=== Section Start ===

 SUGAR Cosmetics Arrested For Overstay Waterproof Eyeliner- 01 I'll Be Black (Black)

=== Section End ===
=== Section Start ===

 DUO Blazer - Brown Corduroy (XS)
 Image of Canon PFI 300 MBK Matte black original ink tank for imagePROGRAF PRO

=== Section End ===

For the listing above, print only the lines starting at the line containing "DUO Blazer - Brown Corduroy (XS)" and ending at the line containing "Image of Canon", exactly, both included.

### ANSWER AREA:
 DUO Blazer - Brown Corduroy (XS)
 Image of Canon PFI 300 MBK Matte black original ink tank for imagePROGRAF PRO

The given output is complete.